In terms of trade, the last significant act of trade liberalisation was China’s accession to the World Trade Organisation, which happened as long ago as 2001. Many of the opportunities afforded by the cross-border integration of supply chains may also by now have been exhausted.

Rapid change in relative economic power and huge shifts in the relative size of populations shape our world. At the same time, the sources of dynamism — technological change, productivity growth and globalisation — are slowing, to a worrying degree.

One result, powerfully reinforced by the crisis, has been real income stagnation in many high-income countries. Rising populist pressure across the high-income economies makes managing these shifts far more difficult. Among the most significant developments is flat or falling real incomes since the financial crisis. Up to two-thirds of the population of many high-income countries seem to have suffered flat or falling real incomes between 2005 and 2014.

It is little wonder so many voters are grumpy. They are neither used to this nor wish to become used to this.

Output Between 1990 and 2022, the high-income countries’ share of world output, measured at purchasing power parity, is forecast by the International Monetary Fund to fall from 64 per cent to just 39 per cent.

Remarkably, Asian emerging and developing countries account for the entirety of the rise in the share of emerging and developing countries: thus, the share of Asian emerging and developing countries is forecast to rise from 12 per cent to 39 per cent of the world total over this period.

By 2022, the share of Asian emerging and developing countries in world output is forecast to be the same as that of the high-income countries. The rise of China is the principal reason for this dramatic shift in relative economic power, though India’s rise is also significant.

China’s share in world output is forecast to jump from 4 per cent in 1990 to 21 per cent in 2022. India’s share is forecast to climb from 4 per cent to 10 per cent.

Savings China’s gross savings (at market exchange rates) are nearly as large as those of the US and EU combined. China saves almost half of its national income. This extraordinarily high share is likely to fall but that decline is set to be gradual, since Chinese households are likely to remain frugal and the share of profits in national income is likely to remain high.

Population Between 1950 and 2015, the share of the current high-income countries in the world’s population tumbled from 27 per cent to 15 per cent. Even China’s share fell, from 22 per cent in 1950 to 19 per cent in 2015. India is forecast to be the world’s most populous country by 2025. Sub-Saharan Africa’s share is forecast by the UN to reach 22% of the total by 2050.

 

Technology The collapse in the price of semiconductors is the driving force behind the revolution in communications and data processing. The relative price of information processing, measured in this way, has declined by almost 96 per cent since 1970. The slope of the line on the logarithmic scale shows the rate of relative price decline — this slowed drastically after 2010.
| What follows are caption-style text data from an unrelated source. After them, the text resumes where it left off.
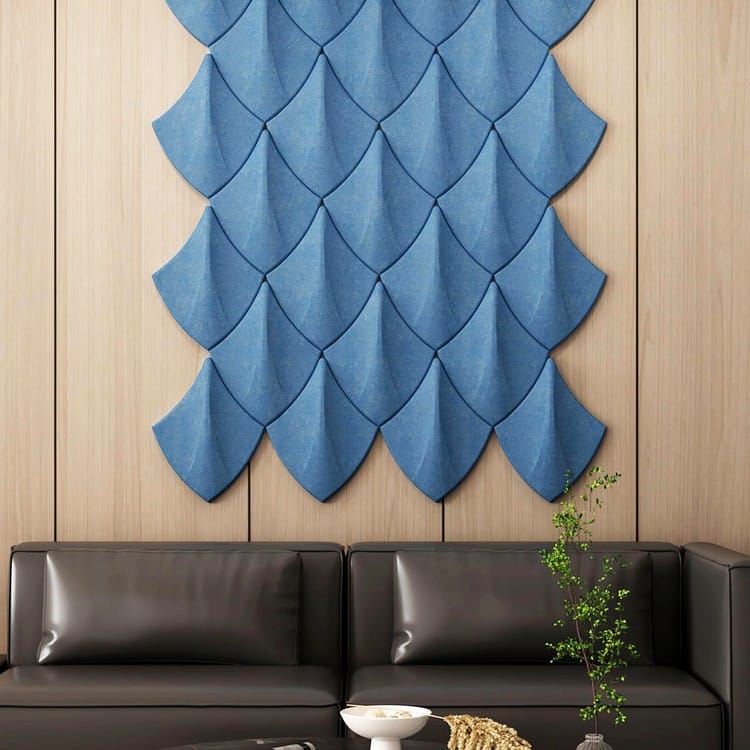 Blue Shield Tec acoustic felt panels arranged in a rhythmic, overlapping geometric formation on a light wood wall.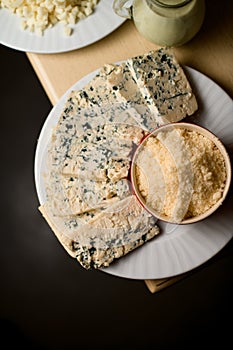 Cheese with mold and chopped parmesan. Different types of cheese on white plate, top view.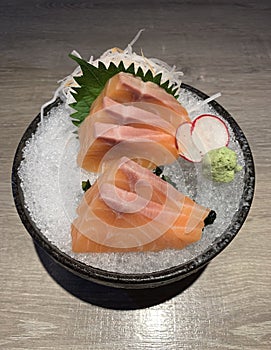 Raw salmon slice or salmon sashimi in Japanese style fresh serve on ice with fresh wasabi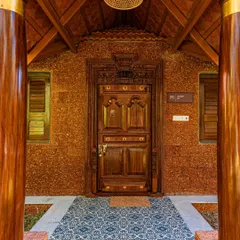 Detail is everything in architecture. This intricately carved wooden door, set against a rustic laterite brick wall and framed by traditional pillars, creates a grand and welcoming entrance for a resort project. It's a nod to timeless Indian craftsmanship.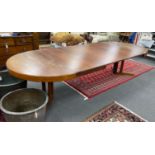 A mid century Danish design Indian rosewood extending dining table, 308cm extended, three spare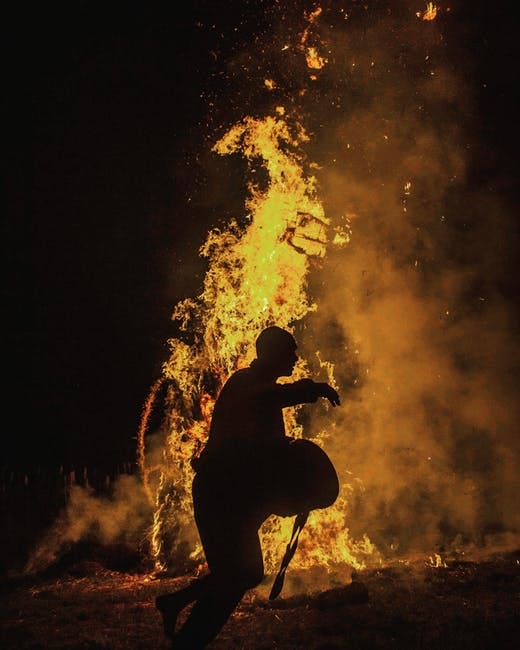 Person Silhouette Near the Fire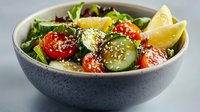 Fresh vegetable salad with cherry tomatoes, cucumber slices, and arugula leaves garnished with sesame seeds and lemon wedges in gray ceramic bowl.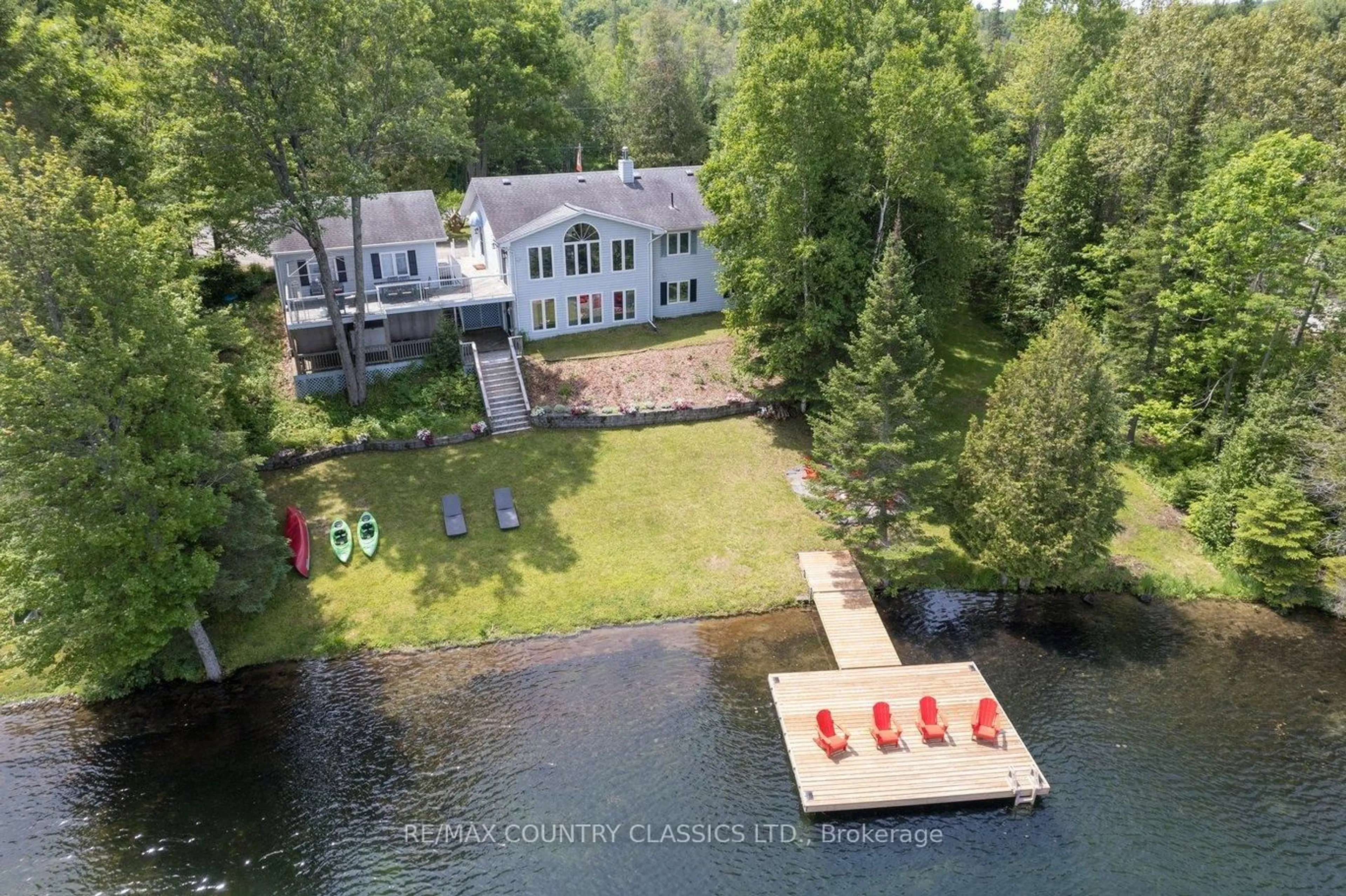 A pic from outside/outdoor area/front of a property/back of a property/a pic from drone, water/lake/river/ocean view for 112 Bay Shore Dr, Bancroft Ontario K0L 1C0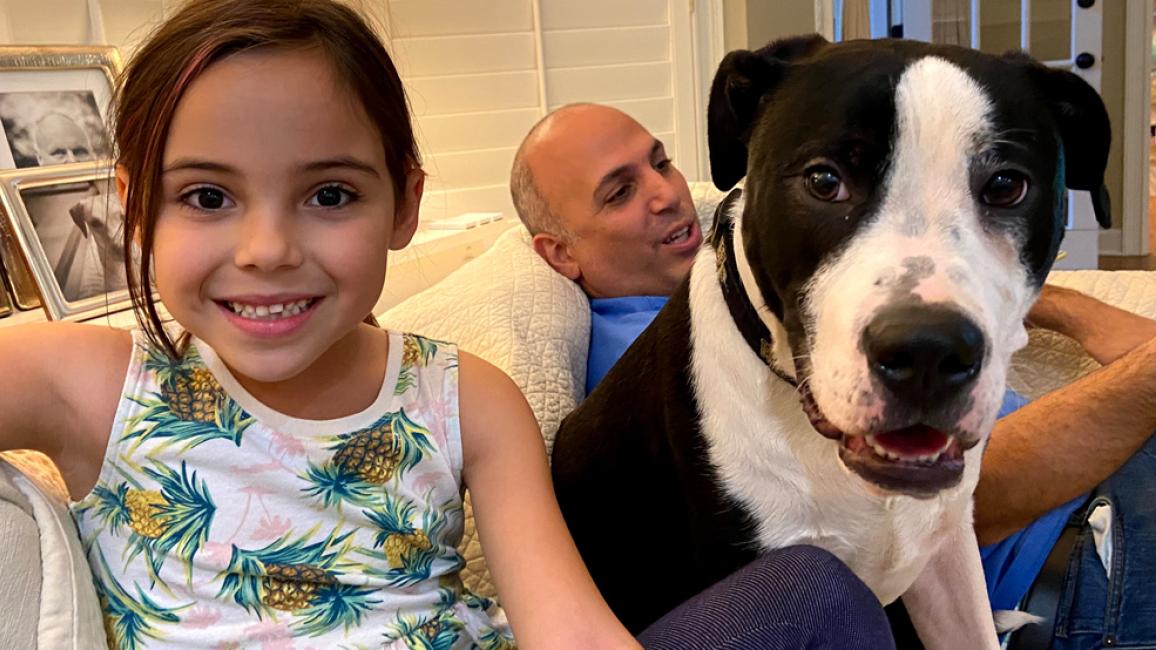 Child smiling and sitting next to black and white dog, with person behind them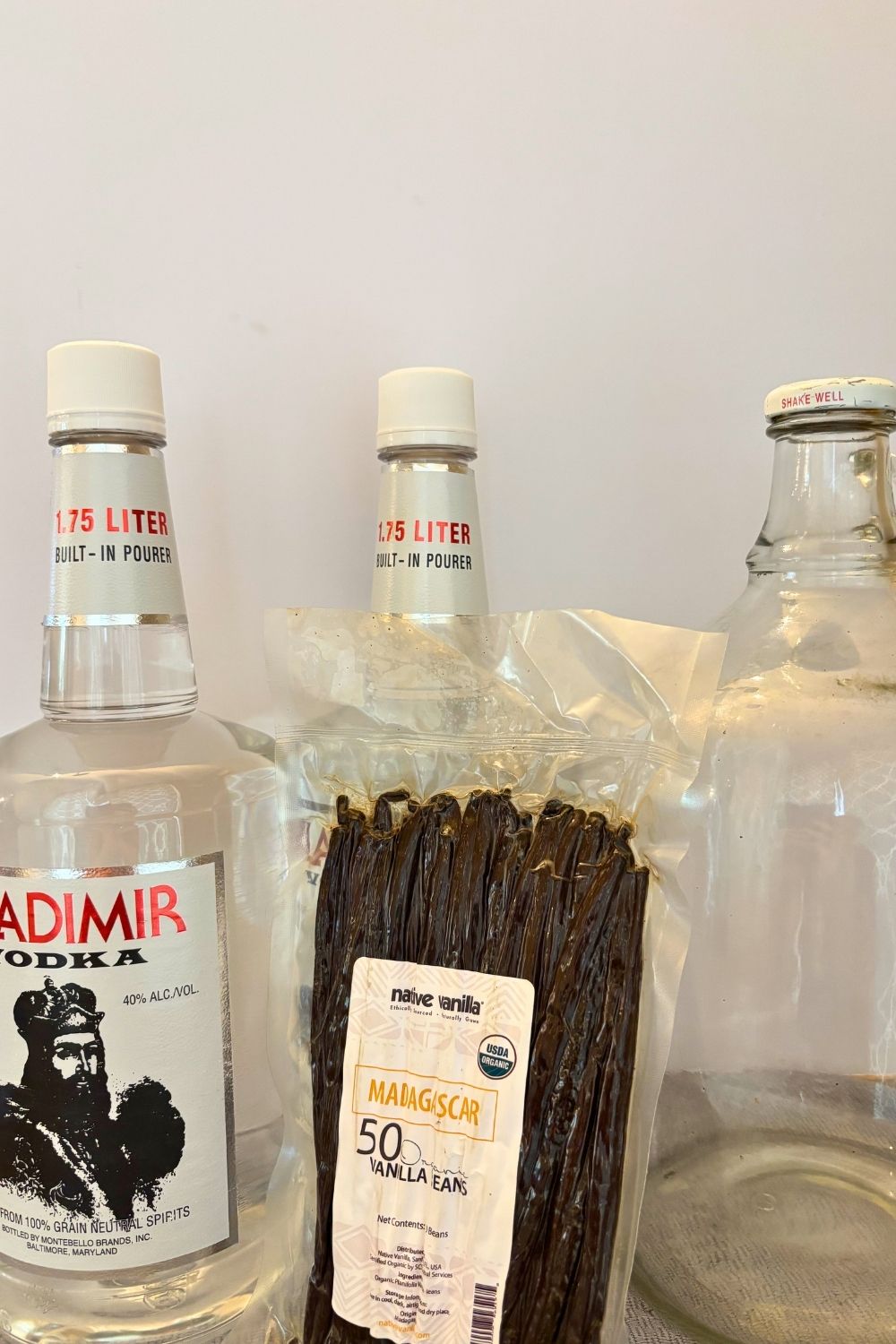 Large Batch Homemade Vanilla Extract Recipe with Vodka 6 Vanilla bean package, empty gallon jar, and two bottles of vodka for making large batch vanilla extract
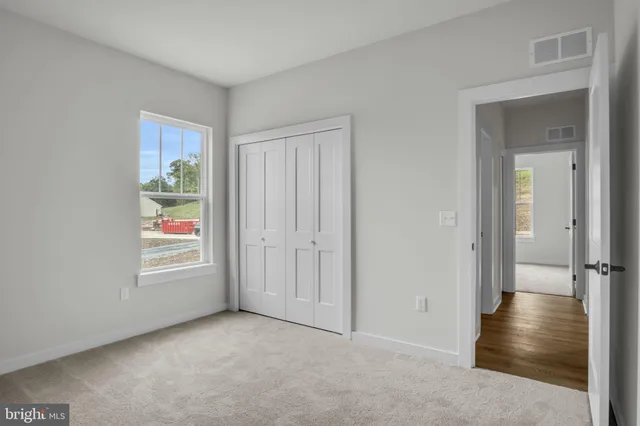 an empty room with windows and closet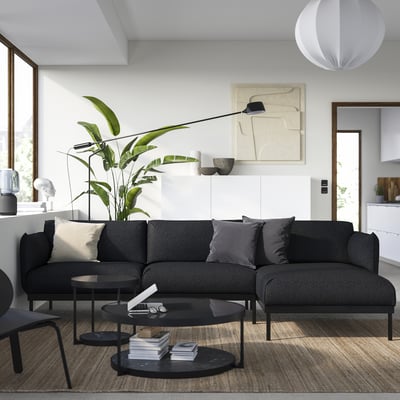 Modern living room with grey ÄPPLARYD sofa, pillows, black tables, plant, art, pendant lamp, wooden floor.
Productivity The economist Robert Gordon has revealed that US productivity performance between 1920 and 1970 (as indicated by the growth of “total factor productivity” — a measure of the growth of output per unit of inputs) has not been matched since. He also shows that the upward burst between 1994 and 2014 subsequently petered out in a period of extremely low growth of productivity.

Globalisation The rapid growth of both trade and financial assets and liabilities, relative to global output, halted after the financial crisis. Protectionism may be part of the reason for this, but it does not seem to be the dominant factor. The exhaustion of many trading opportunities, slowing pace of liberalisation and weak investment appear to explain this slowdown.

 

Income About two-thirds of the population of 25 high-income countries suffered flat or falling real incomes from wages and capital between 2005 and 2014, according to an analysis released in July 2016 by the McKinsey Global Institute. Such stagnation was particularly widely shared in Italy and the US.